Google paid $12.5bn for the smartphone manufacturer in 2011
Motorola has been unpopular with Google shareholders
Google announced Wednesday it was selling its Motorola Mobility smartphone unit to Lenovo for about $2.9bn, just two years after the search giant snapped up the company in its largest ever deal.
Google paid $12.5bn for the Moto X and Moto G smartphone manufacturer in 2011. The acquisition, Google’s largest by far, came after Larry Page, Google’s co-founder, took back day-to-day running of the company. Lenovo will pay $660m in cash, $750m in Lenovo shares, plus a $1.5bn three-year promissory note.
While the purchase was seen as a strategic move to build Google’s mobile business it has been unpopular with shareholders and analysts. Motorola has continued to lose money and sales of its new flagship phone the Moto X have disappointed.
In a blog post Page said Dennis Woodside, a former Google operations executive and Motorola’s CEO had done “a tremendous job reinventing the company.” He said the company had helped Google’s Android operating system create a “level playing field” with its rivals.
“But the smartphone market is super competitive, and to thrive it helps to be all-in when it comes to making mobile devices. It’s why we believe that Motorola will be better served by Lenovo – which has a rapidly growing smartphone business and is the largest (and fastest-growing) PC manufacturer in the world. This move will enable Google to devote our energy to driving innovation across the Android ecosystem, for the benefit of smartphone users everywhere,” he wrote.

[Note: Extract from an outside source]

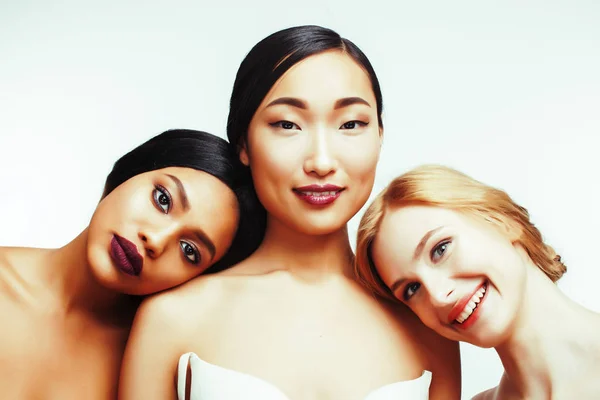 different nation woman: asian, african-american, caucasian together isolated on white background happy smiling, diverse type on skin, lifestyle people concept close up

The sale comes as Google has turned its energies towards hardware as well as software products. The company is working on Google Glass, its wearable computer, a smart watch and driverless cars as well as tablets and laptops. Earlier this month it bought Nest, maker of smart home devices like smoke alarms and thermostats for $3.2bn. Page was at pains to point out the Motorola sale was not a radical change of tack.
“As a side note, this does not signal a larger shift for our other hardware efforts. The dynamics and maturity of the wearable and home markets, for example, are very different from that of the mobile industry. We’re excited by the opportunities to build amazing new products for users within these emerging ecosystems,” he wrote.

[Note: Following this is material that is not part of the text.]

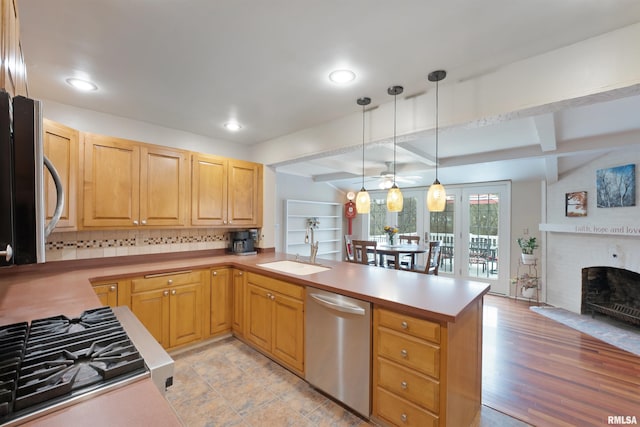 kitchen featuring stainless steel dishwasher, a peninsula, a sink, light countertops, and decorative light fixtures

This is the second sale Google has made of assets it acquired after buying Motorola Mobility. In 2012 Google sold Motorola Home, which made set-top boxes and cable modems, to Arris for $2.35bn.
Lenovo is already the world’s largest PC manufacturer, has been expanding into other areas. This is Lenovo’s second large buy of the month. Last week the Chinese company paid $2.3bn for IBM’s server business. Lenovo, in 2005 acquired IBM’s PC business and its legendary PC brand and x86 server business recently, will now acquire world-renowned Motorola Mobility, including the MOTOROLA brand and Motorola Mobility’s portfolio of innovative smartphones like the Moto X and Moto G and the DROID Ultra series. In addition to current products, Lenovo will take ownership of the future Motorola Mobility product roadmap.
“The acquisition of such an iconic brand, innovative product portfolio and incredibly talented global team will immediately make Lenovo a strong global competitor in smartphones. We will immediately have the opportunity to become a strong global player in the fast-growing mobile space,” said Yang Yuanqing, chairman and CEO of Lenovo.